***IMPORTANT UPDATE: I appreciate you taking the time to read this article. I would ask that after you read it, please read my most recent article on this subject called “Voices.com Reviews…MAJOR UPDATE!!” One of these companies has made a very significant change that you should know about. I will post this link again at the end of this article.***
If you’re trying to break into the voice over field, you’ve probably done some research online. And if you’ve done some research online, you’ve probably stumbled across pay-to-play or P2P sites. And when it comes to voice overs, there are two P2P heavyweights…Voices.com and Voice123. Just like me when I got started, a lot of people ask the question, what is the outcome is in a Voices.com vs. Voice123 match-up? The obvious reason they ask this, is because they want to know which of the two will give them the most success. I’m going to give you the answer right now…you’re asking the wrong question! OK, I know, that was a big build up to get to that ‘let-down’ of an answer, but stick with me on this. Both companies are good and yes, I may slightly lean towards one more than the other. However, once you know that both companies are good, you need to ask a much more important question…

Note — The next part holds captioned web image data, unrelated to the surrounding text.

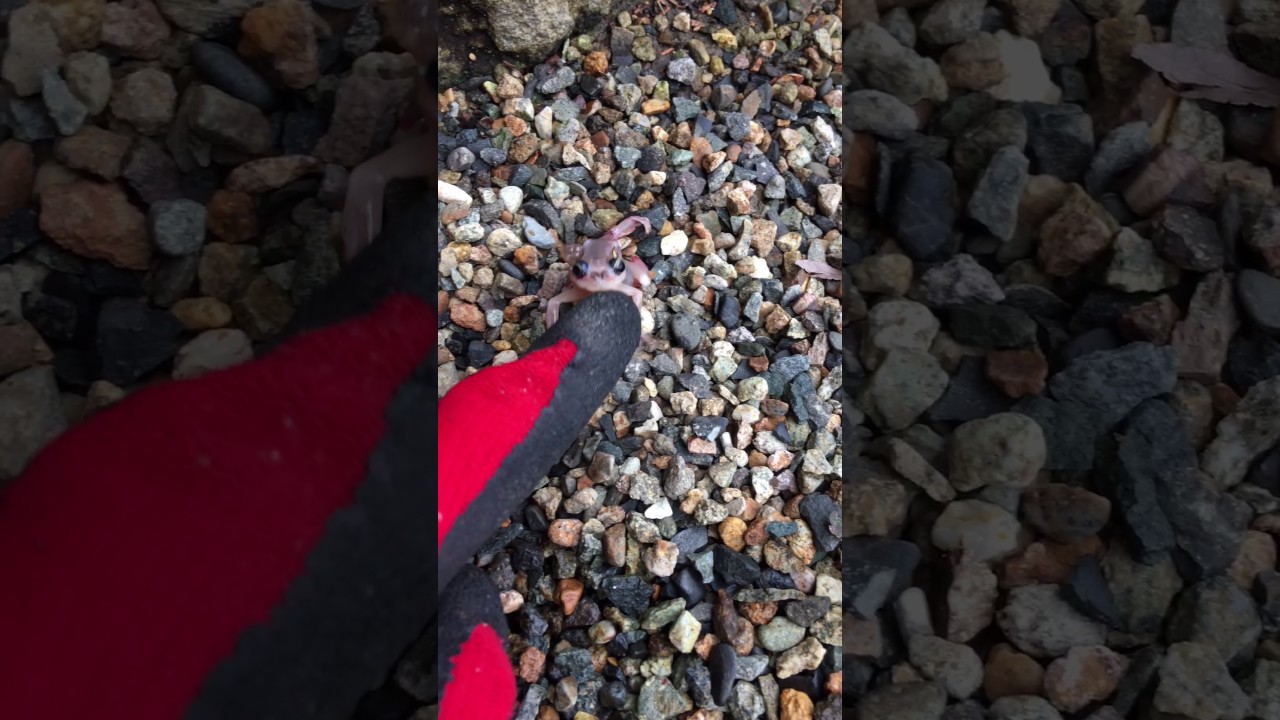 世界で最初に発見された国はどこですか? 世界で最初に発見された国はどこですか?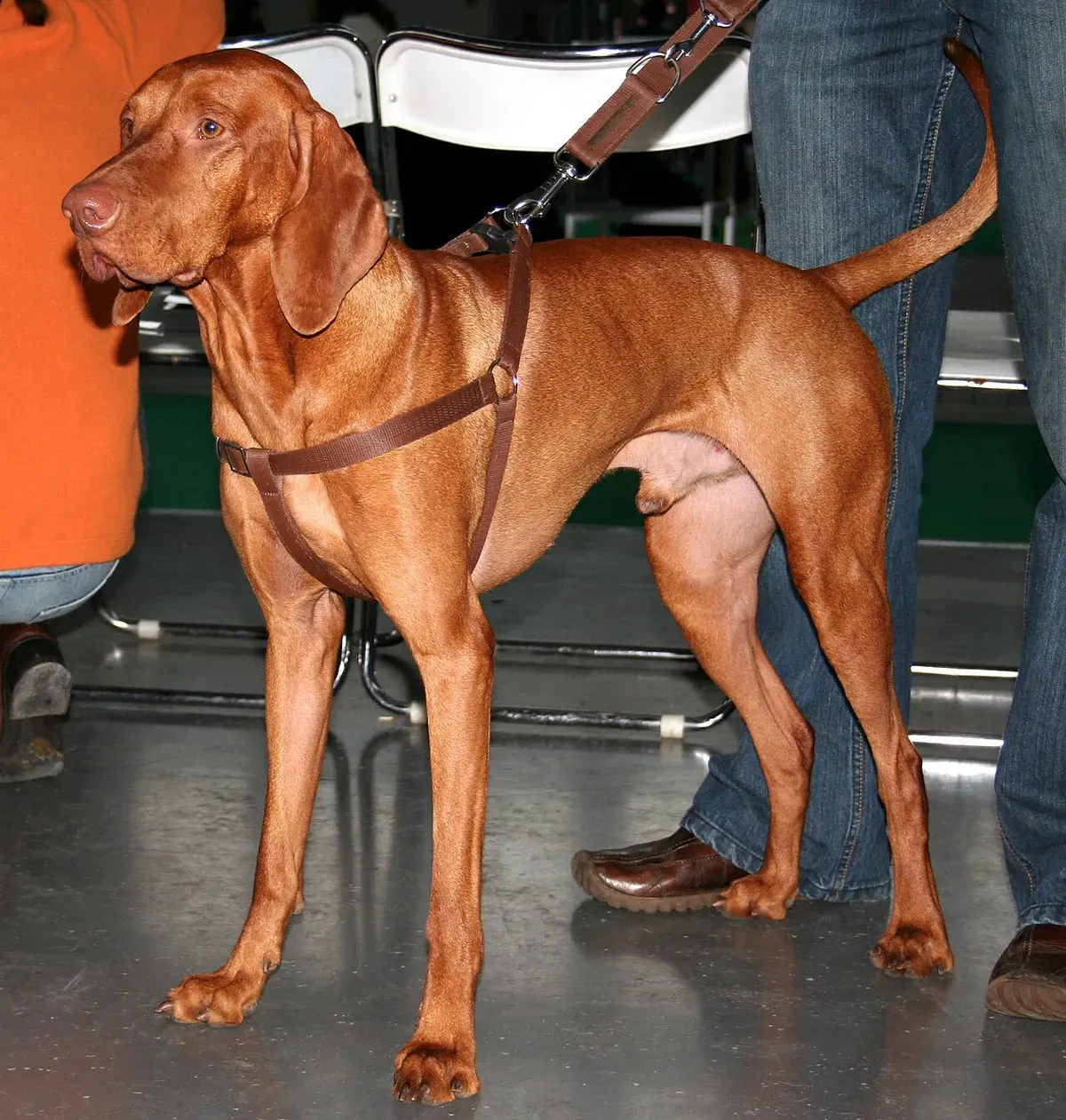 Photo d'un chien de race Braque hongrois à poil court (Vizsla)
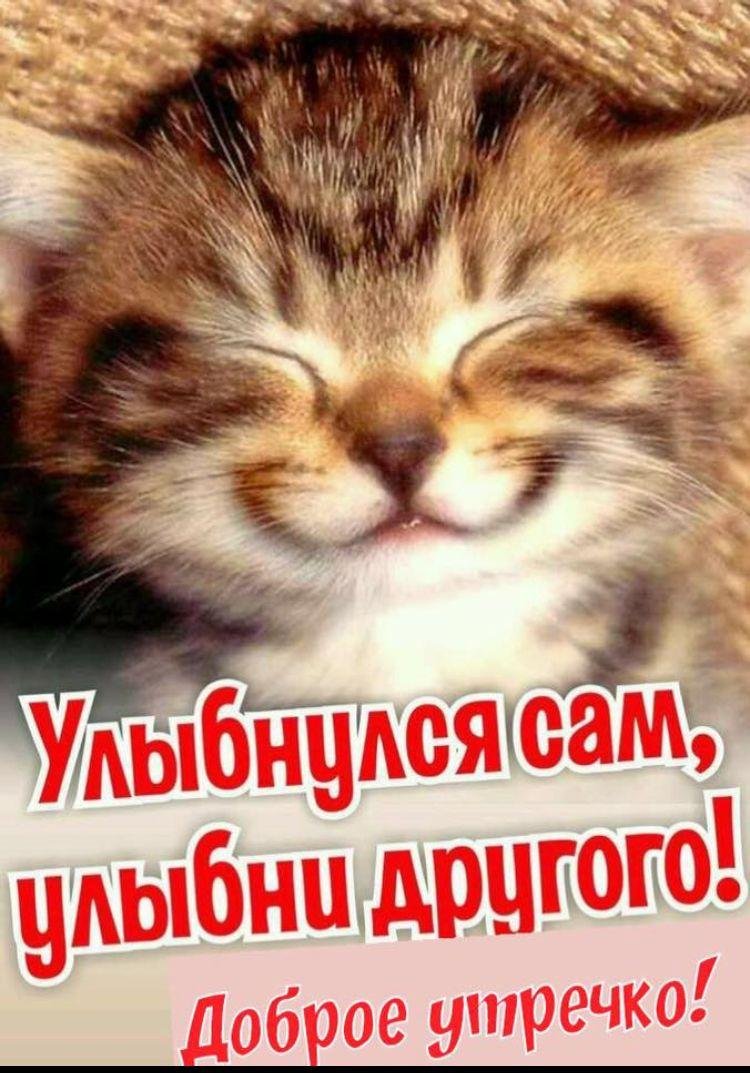 Смешные картинки с добрым утром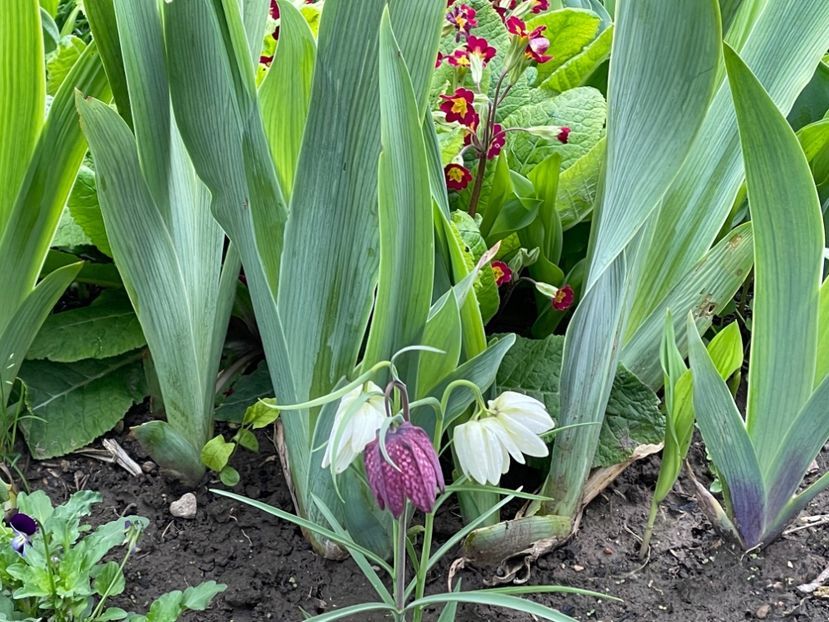 CD4F8F36-60A1-4AE9-A9B3-19CFFBFCCDB3 - 01 Primăvara 2023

What question should you ask and to whom?
The question is this: Am I ready to work? The person you’re asking it to: Yourself.
Let me give you the good news about P2P sites…everybody can play! Let me give you the bad news…everybody can play. What these P2P sites allow you to do is pay a monthly or yearly fee and audition for voice over jobs. What this means is that people have to take some initiative if they want to succeed; and the problem is that there are a lot of lazy people on these sites. This can include people who don’t learn how to produce good quality audio, therefore, they submit auditions that can’t compete with the others. Also, it could include people who just don’t audition at all. They’re sitting there, waiting for someone to come across their profile and say, “Hey! Here’s someone who’s brand new to voice overs, with no demos for me to hear and they haven’t submitted an audition for the job I just posted. This is who I’m looking for!”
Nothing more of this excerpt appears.